- [SUPPLIED RECORDS]
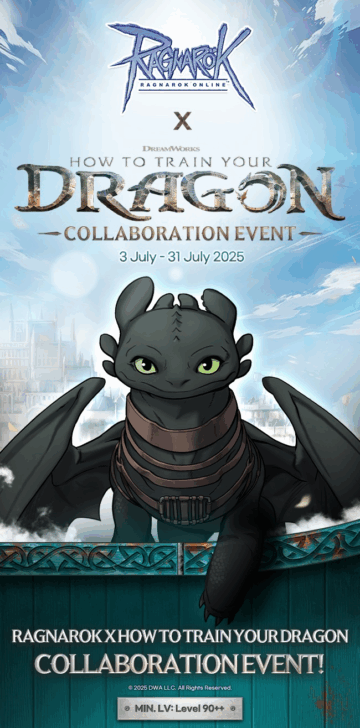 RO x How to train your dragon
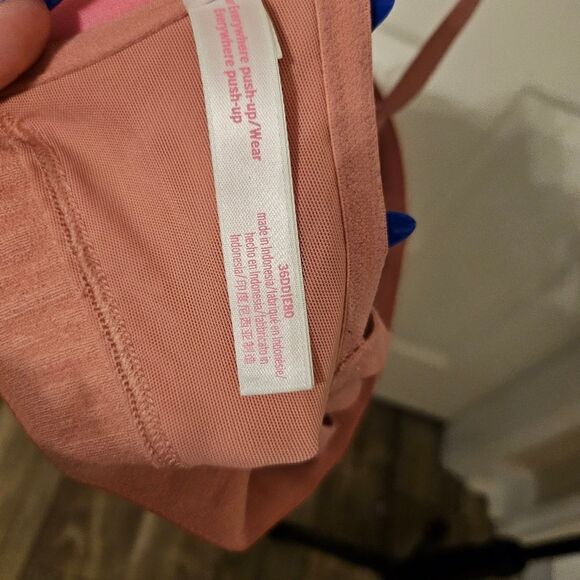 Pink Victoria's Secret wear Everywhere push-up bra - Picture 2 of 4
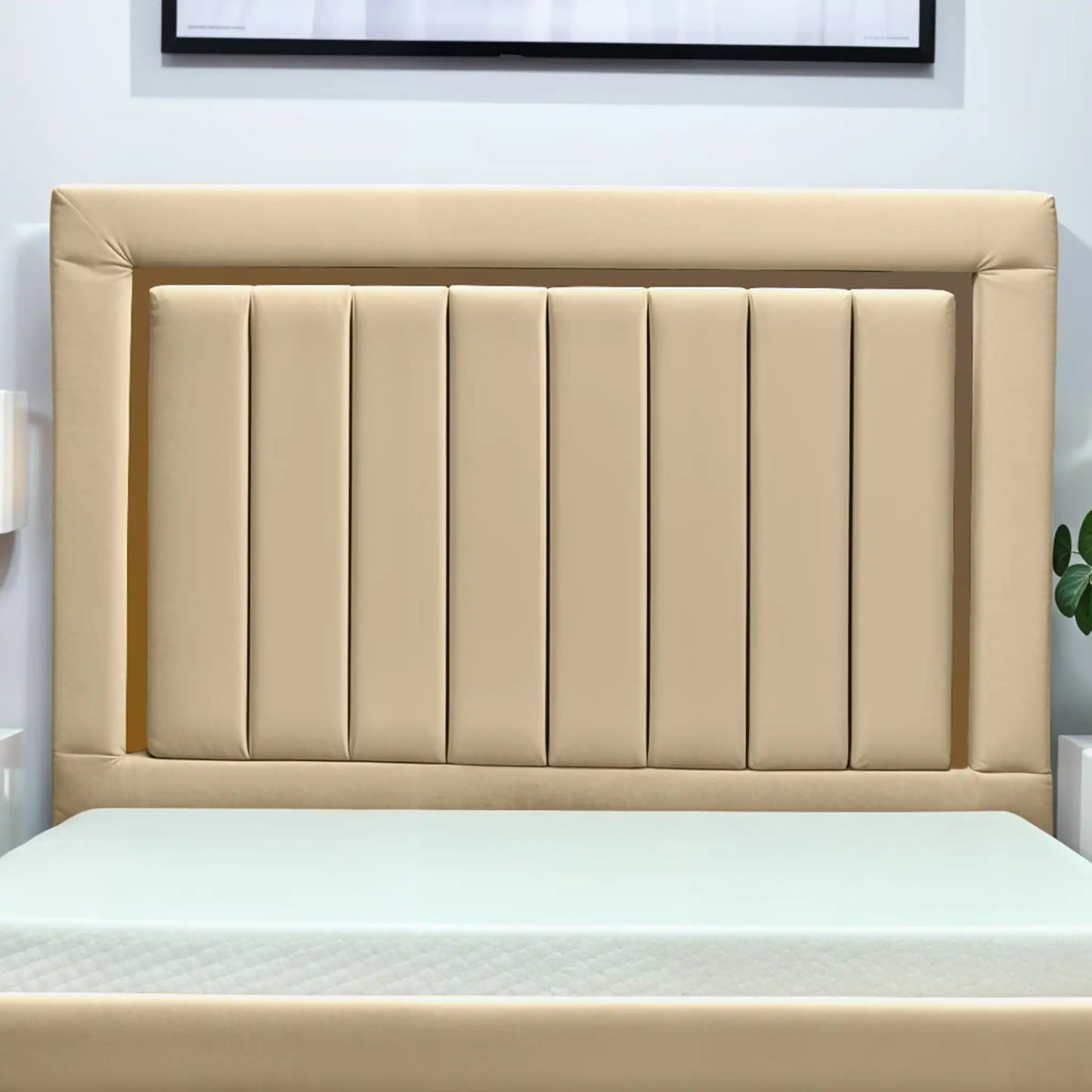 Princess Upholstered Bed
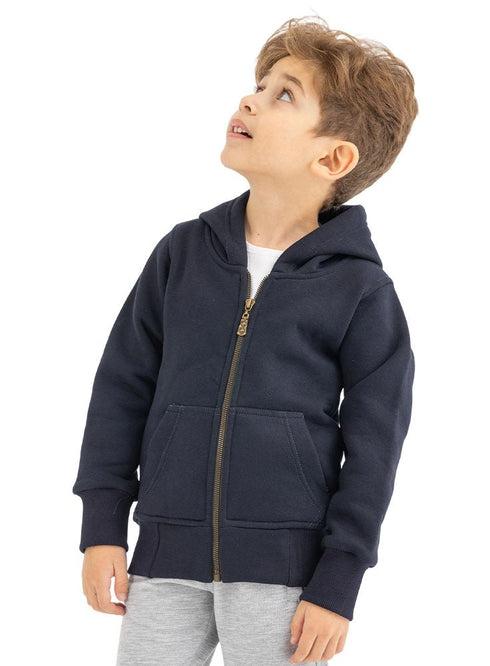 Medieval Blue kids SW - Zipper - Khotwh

--

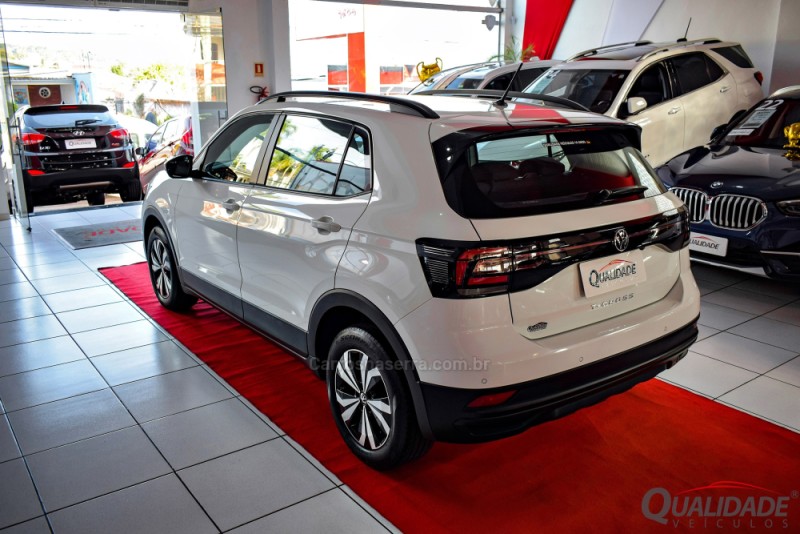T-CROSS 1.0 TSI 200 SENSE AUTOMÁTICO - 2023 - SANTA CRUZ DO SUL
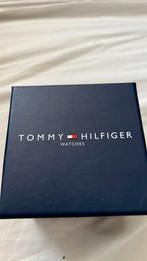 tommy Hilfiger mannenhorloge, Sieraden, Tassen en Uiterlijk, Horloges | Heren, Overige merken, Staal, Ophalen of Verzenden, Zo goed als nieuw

- [REQUIRED WORK] Would you write out exactly the lines above, starting at the line containing "T-CROSS 1.0 TSI" and stopping after the line containing "tommy Hilfiger mannenhorloge, Sieraden, Tassen"? Omit the pictures.

- [RESPONSE BELOW]
T-CROSS 1.0 TSI 200 SENSE AUTOMÁTICO - 2023 - SANTA CRUZ DO SUL
 tommy Hilfiger mannenhorloge, Sieraden, Tassen en Uiterlijk, Horloges | Heren, Overige merken, Staal, Ophalen of Verzenden, Zo goed als nieuw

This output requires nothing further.